PROBLEM DETAILS | What follows is a listing to transcribe exactly, leaving the pictures out.

DATASET CONTENT |
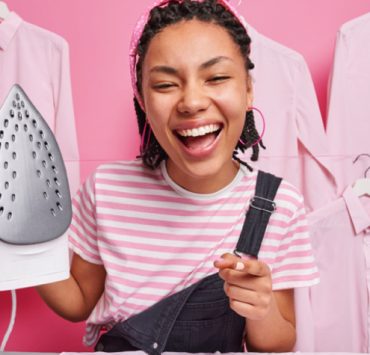 6 astuces de grand-mère pour nettoyer un fer à repasser très encrassé 2 6 astuces de grand-mère pour nettoyer un fer à repasser très encrassé nettoyer fer a repasser 6 astuces de grand-mère pour nettoyer un fer à repasser très encrassé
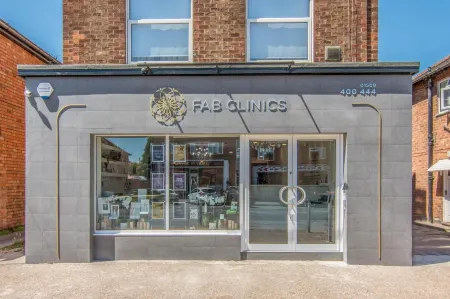 Fab Apartment Отели рядом с достопримечательностью «New Life Community Church»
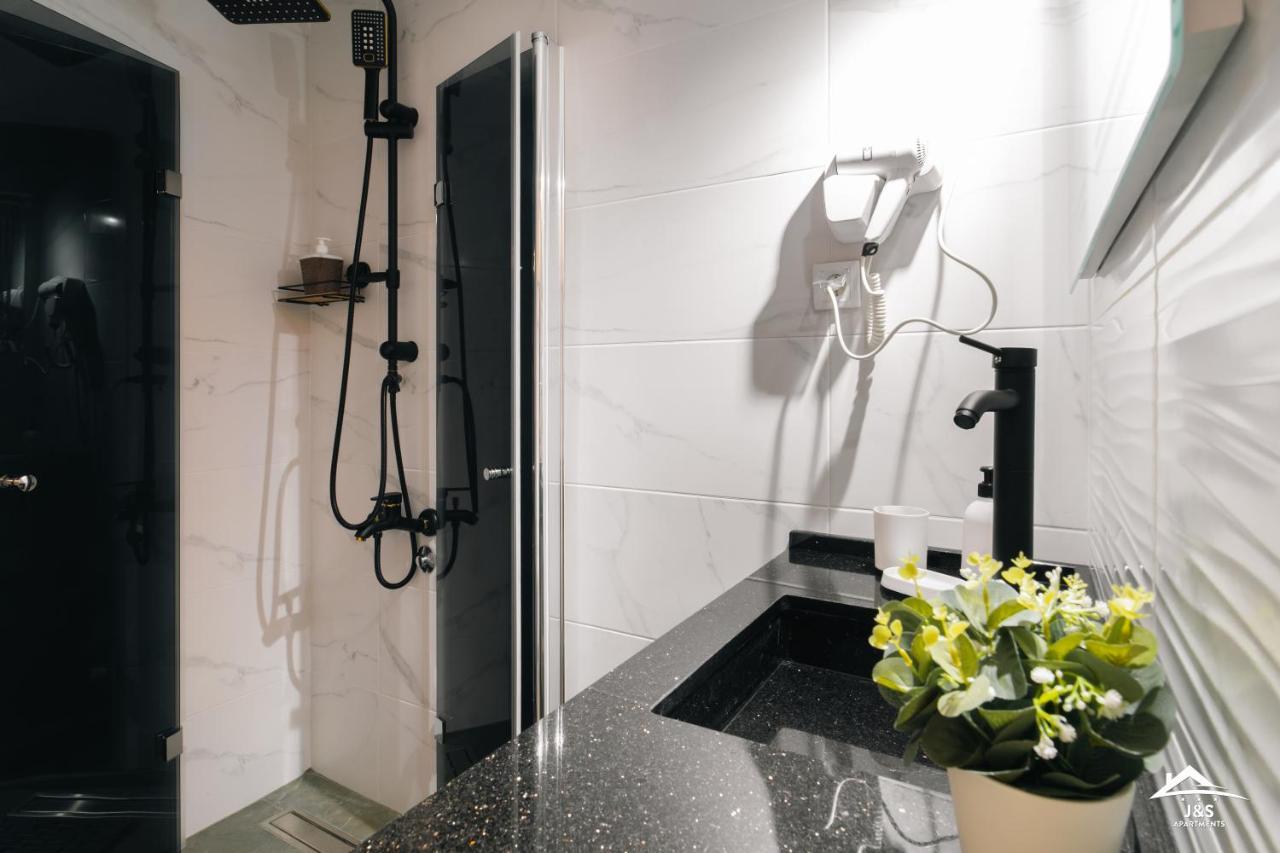 J&S Apartments Ni المظهر الخارجي الصورة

THE ANSWER |
 6 astuces de grand-mère pour nettoyer un fer à repasser très encrassé 2 6 astuces de grand-mère pour nettoyer un fer à repasser très encrassé nettoyer fer a repasser 6 astuces de grand-mère pour nettoyer un fer à repasser très encrassé
 Fab Apartment Отели рядом с достопримечательностью «New Life Community Church»
 J&S Apartments Ni المظهر الخارجي الصورة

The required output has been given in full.